Photo-Illustration: The Cut; Photo: Getty
If you happen to find yourself in Portland, Maine, on Friday, July 18, you might notice a curious influx of visitors: couples in their 40s — the men in slick athleisure, the women wearing designer sunglasses — passing through the lobby of the Press Hotel and eating meals at Scales, an upscale seafood joint on the waterfront. They’ve traveled from places like the Upper East Side and Chappaqua. They all seem to know each other. The dads congregate in hotel bars to talk “finance.” The moms have flawless manicures.
And on Saturday morning at 7 a.m., they’ll pile into their cars — Escalades, Rivians, G-Wagons — to drive up 95 North, eventually turning onto dusty, bumpy, wooded roads, passing signs with names like Camp Vega, Camp Takajo, Camp Mataponi, Camp Laurel, Camp Androscoggin, Camp Matoaka, and Tripp Lake. Once there, they’ll line up behind the other cars and wait until 9 a.m., when the camp gates ceremoniously open. The women will get out first, sprinting away, their Chanel sneakers propelling them over the grass and, finally, into the arms of their children, some as young as 7. The men capture the entire thing with their phones, sending all footage to their wives, who will lovingly document the experience on social media with a simple hashtag: #visitingday.

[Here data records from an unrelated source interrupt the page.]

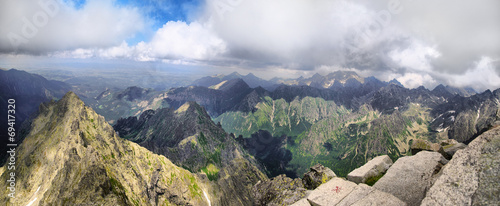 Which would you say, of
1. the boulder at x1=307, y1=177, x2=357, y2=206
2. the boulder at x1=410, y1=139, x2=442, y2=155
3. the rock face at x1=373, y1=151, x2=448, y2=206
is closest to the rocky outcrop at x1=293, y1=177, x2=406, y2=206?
the boulder at x1=307, y1=177, x2=357, y2=206

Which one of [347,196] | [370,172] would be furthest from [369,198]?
[370,172]

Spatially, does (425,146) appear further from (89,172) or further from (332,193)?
(89,172)

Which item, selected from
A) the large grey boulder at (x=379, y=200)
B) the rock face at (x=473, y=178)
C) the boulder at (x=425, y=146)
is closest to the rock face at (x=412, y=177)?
the large grey boulder at (x=379, y=200)

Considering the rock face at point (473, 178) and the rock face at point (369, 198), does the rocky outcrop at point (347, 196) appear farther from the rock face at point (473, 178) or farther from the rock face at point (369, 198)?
the rock face at point (473, 178)

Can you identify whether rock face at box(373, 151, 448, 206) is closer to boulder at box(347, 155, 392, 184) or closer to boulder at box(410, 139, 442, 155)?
boulder at box(347, 155, 392, 184)

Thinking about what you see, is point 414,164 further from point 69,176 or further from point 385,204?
point 69,176

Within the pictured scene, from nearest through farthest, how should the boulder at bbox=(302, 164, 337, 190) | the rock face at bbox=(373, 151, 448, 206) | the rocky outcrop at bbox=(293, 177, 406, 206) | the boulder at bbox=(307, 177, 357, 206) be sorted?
the rock face at bbox=(373, 151, 448, 206) → the rocky outcrop at bbox=(293, 177, 406, 206) → the boulder at bbox=(307, 177, 357, 206) → the boulder at bbox=(302, 164, 337, 190)

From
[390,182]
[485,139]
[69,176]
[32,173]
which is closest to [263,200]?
[390,182] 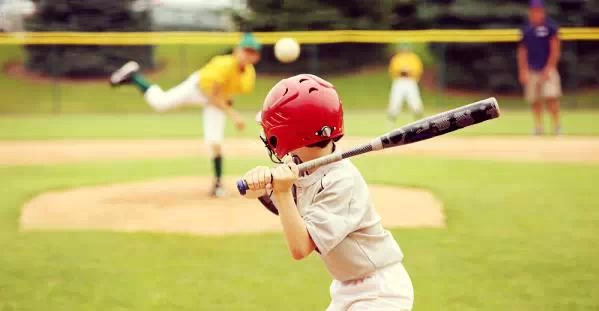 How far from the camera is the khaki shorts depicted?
15961 mm

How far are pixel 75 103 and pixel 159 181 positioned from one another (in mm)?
16409

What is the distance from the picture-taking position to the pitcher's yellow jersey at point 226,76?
9.82 metres

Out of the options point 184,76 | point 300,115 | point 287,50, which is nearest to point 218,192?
point 287,50

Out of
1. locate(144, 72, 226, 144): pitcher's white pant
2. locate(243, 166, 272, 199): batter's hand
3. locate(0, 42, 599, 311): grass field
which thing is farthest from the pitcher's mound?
locate(243, 166, 272, 199): batter's hand

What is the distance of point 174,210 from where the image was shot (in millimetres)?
8914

“In the past couple of years, visiting day has exploded,” says a mom with a son at Camp Takajo and a daughter at Camp Mataponi, both in Naples, Maine, and both with tuitions of $17,000 for the summer (plus additional thousands spent on the requisite clothing, equipment, overnight trips, and, yes, visiting day). Sleepaway camps catering to the privileged East Coast set have been around for the better part of a century, and visiting day, in mid-July, marks the middle of the camps’ seven-week sessions. It’s a chance for children to see their parents and siblings and show off what they’ve been up to — “Look, Mom, I can sail! Look, Dad, I hit a bull’s-eye!” It’s also a chance for parents to temporarily reunite with their children, a moment that may feel particularly emotional this year with the stories of unimaginable loss at Camp Mystic in Texas fresh in all parents’ minds.
But, like other aspects of modern parenting that have been twisted into one-upmanship by social media — expensive “aesthetic” birthday parties, Broadway production–level staged gender reveals — the tradition of visiting day has, in recent years, morphed “from low-key to out of control,” as one mom with a son at Camp Takajo and a daughter at Camp Tripp Lake in Poland, Maine, puts it. (The parents I spoke to for this story have mostly chosen to remain anonymous for fear of both pissing off their children’s camps and being ostracized by their peers.)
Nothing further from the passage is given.